MovieMate

Introduction

Have you ever wondered how Amazon knows what products you're likely to want, or how Netflix figures out the movies you've been dying to watch? This fun project will give you a simplistic and realistic first-hand experience of the world of recommendation algorithms. As a bonus, you'll get to see how they work under the hood.

Last month, I took a refresher python course. I reviewed the fundamentals of the language and got to also learn a couple of new stuff. What better way to internalize concepts learnt and showcase my knowledge than projects? So I set out to build one.

My interest in AI has spanned a few years, and although, my knowledge of the field is merely superficial, I do understand the role AI system play in prediction, forecasting, pattern detection and enhanced and personalized user experience. For instance, giants such as Netflix, Amazon etc run complex ML models that make personalized recommendations for their users. I set out to model these systems at a less complex and reduced level. So, MovieMate came to life.

Overview

Project Description

MovieMate is an interactive and immersive command-line text-based video streaming platform. It offers users a novel yet simplistic simulated experience watching movies in the command line. The platform has a custom-built adaptive and intuitive recommendation engine that makes personalized movie recommendations to the users.

Technical Composition and Requirements

I developed the project using python programming language and implemented the Object Oriented Programming (OOP) paradigm.OOP proved to be a good fit as it allowed me, using class inheritance, to write modular codes and encapsulate the features of the project into manageable and scalable bits.

Simple-colors is the only external literary I utilized in the project. It provided colourful outputs in the terminal. Since we are usually fascinated by beautiful colour combinations, I implemented it to improve the user experience. I also utilized a virtual environment to manage the project dependencies.

Project Structure


├── database/
│      └──  movie_database.json    
├── packages/
│        ├── engine/
│        │        └── main.py
│        ├── interface/
│        │        └── main.py
│        └── movie/
│                ├── data.py
│                ├── main.py
│                ├── search.py
│                └── watch.py
├── main.py
├── .gitignore  
├── LICENSE
├── README.md  
├── requirements.txt  
├── setup.py

The above is the folder structure of the project. Brief details on the main files and folders are given below.

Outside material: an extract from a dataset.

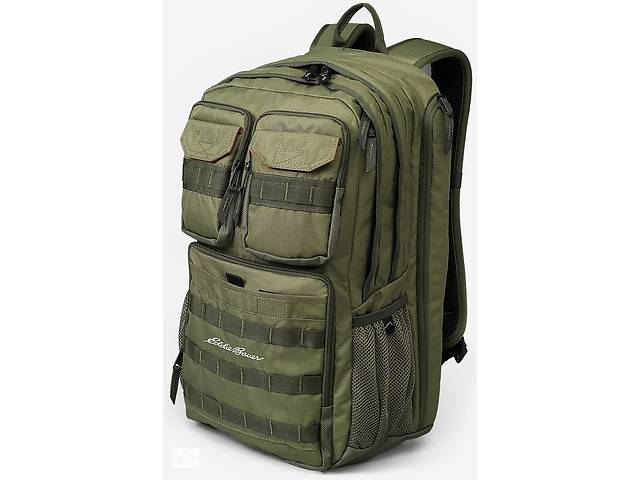 Рюкзак Eddie Bauer Cargo Pack MOSS GRAY, 1990MG Зеленый 25 л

database: this folder contains the movie database
packages: this folder contains the codes for the three components of the project; engine, interface and movie.
main.js: this is the entry point into the project
requirements.txt: this file contains external libraries and their version

User Walkthrough

Here, I will give a short description and guide on how to use and navigate the app.

On loading the app, a welcome message is displayed. The user is then prompted to enter the desired menu mode from a list of menu options. The menu modes are: watch(w), home(h), search(s), and recommend(r).

Home mode

Just like the homepage of youtube and other similar platforms, a list of randomly selected movies is displayed to the user.

Watch Mode

This mode allows users to watch any desired movie. The user is prompted to enter the title of the desired movie, after which the watch simulation is run.

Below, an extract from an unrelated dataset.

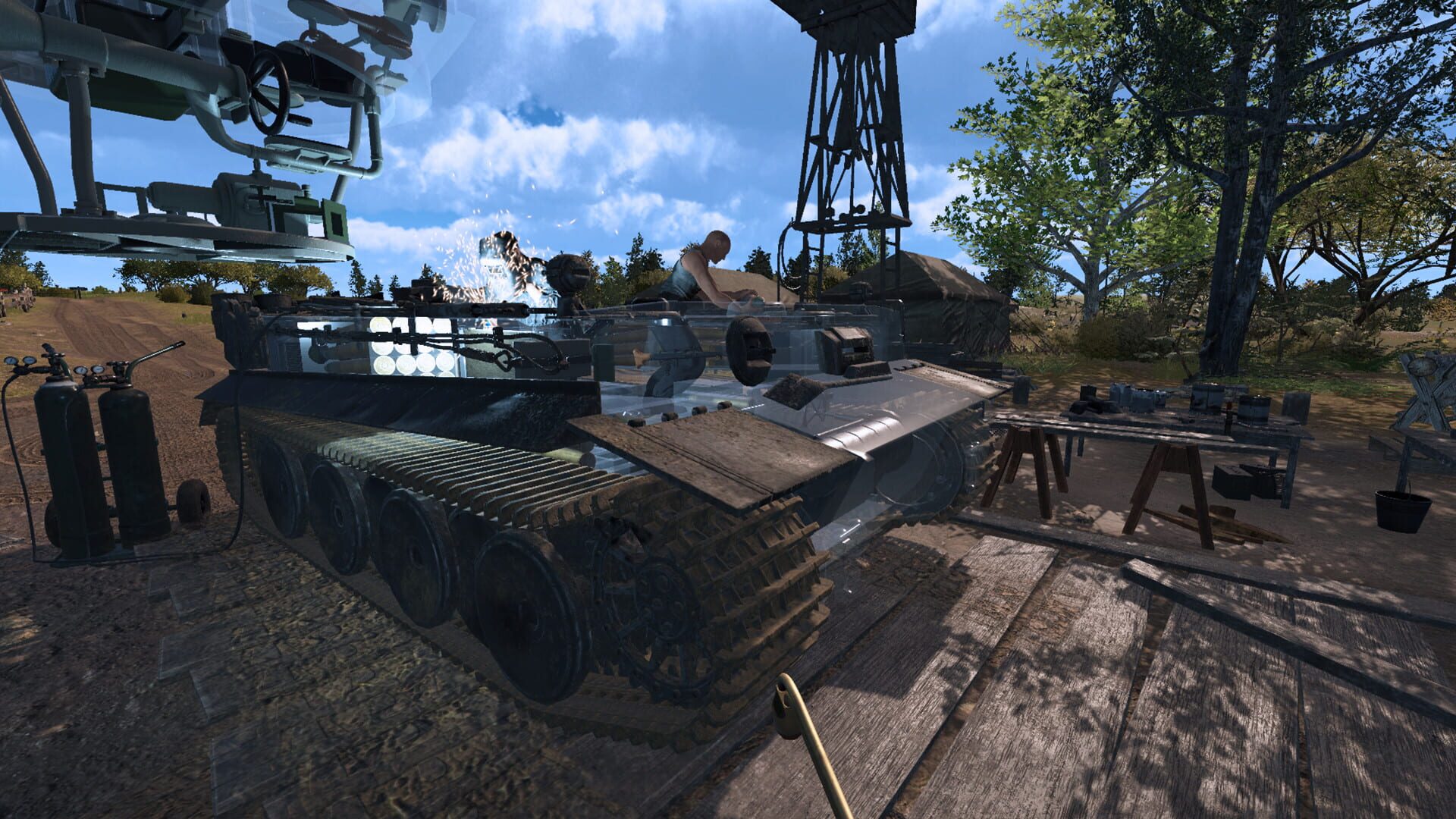 Screenshot for Tank Squad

To give the user a realistic watching experience, watchtime (in minutes but scaled down to seconds) is read gradually for the actual duration of the movie and displayed as the movie progress. Should the user lose interest in the movie, he is prompted to exit the watch console at every 10 minutes interval.

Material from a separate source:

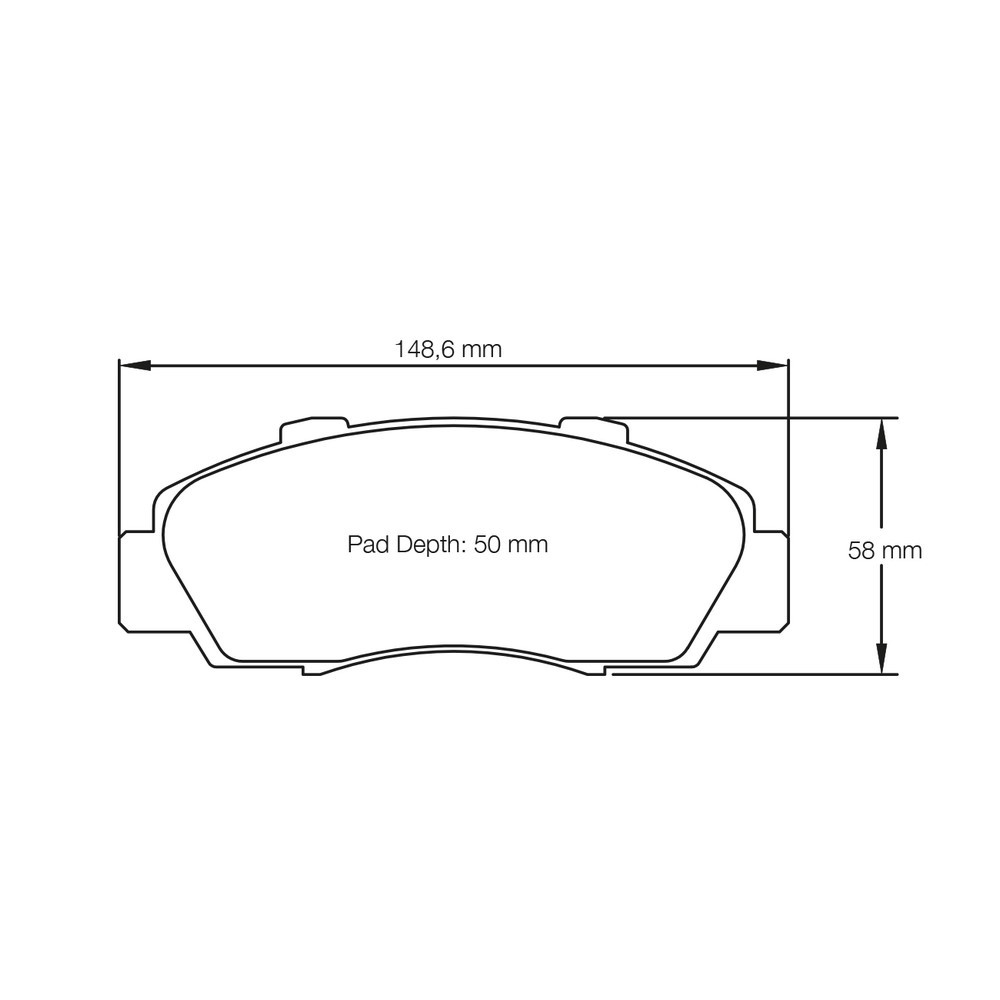 Pastiglie freno Pagid S2623 RSL29 - PA-2623-RSL.29 - E262329010 - 4056029013237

The watch time on exit together with the movie details is saved in the watch history.

Search Mode

The user can search the database for movies. The search result contains all similar movies as specified in the search query.

Recommend Mode

In this mode, the engine runs and makes personalized movie recommendations to the user based on watch history. I explain in detail how the engine works in the next section.

The Engine

Here, I give a full and detailed rundown of how the recommendation engine works. The engine is a carefully modelled feature of MovieMate, allowing it to give personalized recommendations to users. The engine is adaptive and comprehensive. It adapts to the changing behavior of the user as reflected in the watch history. And it is comprehensive as it considers all genres a particular movie belongs to.

It works like a Machine Learning model, making predictions of movies the user might be interested in based on two important parameters: the genres and the watchtime.

Program Flow

The Engine class has four methods: recommend_movies, get_recommendation, get_watch_time_ratio, get_movie_similarity

# recommend_movies method
num_recommendations = 5
        all_movies = self.all_movies
        watched_movies = self.watched_movies
...
...

When the recommend_movies method is called, all_movies and watched_movies variables are initialized. They contain the details of all movies on the database and those currently in the user watch history respectively.

'''
DEMO 

# all movies
[
{'title': 'The Matrix', 'genres': ['sci-fi', 'action'], 'runtime': 136},
 {'title': 'Inception', 'genres': ['sci-fi', 'adventure', 'action'], 'runtime': 148}, 
{'title': 'Black Swan', 'genres': ['drama', 'thriller', 'action'], 'runtime': 108}, 
{'title': "The King's Speech", 'genres': ['drama', 'history'], 'runtime': 118}
]

# watched movies
[
{'title': 'Inception', 'genres': ['sci-fi', 'adventure', 'action'], 'runtime': 148, 'watchtime': 110},
 {'title': 'Black Swan', 'genres': ['drama', 'thriller', 'action'], 'runtime': 108, 'watchtime': 80}
]
'''

A similarity score is calculated based on a one-on-one comparison with the movies in the watch history for all the movies on the database not watched yet by the user. Two parameters are considered to calculate a similarity score: genres and watchtime.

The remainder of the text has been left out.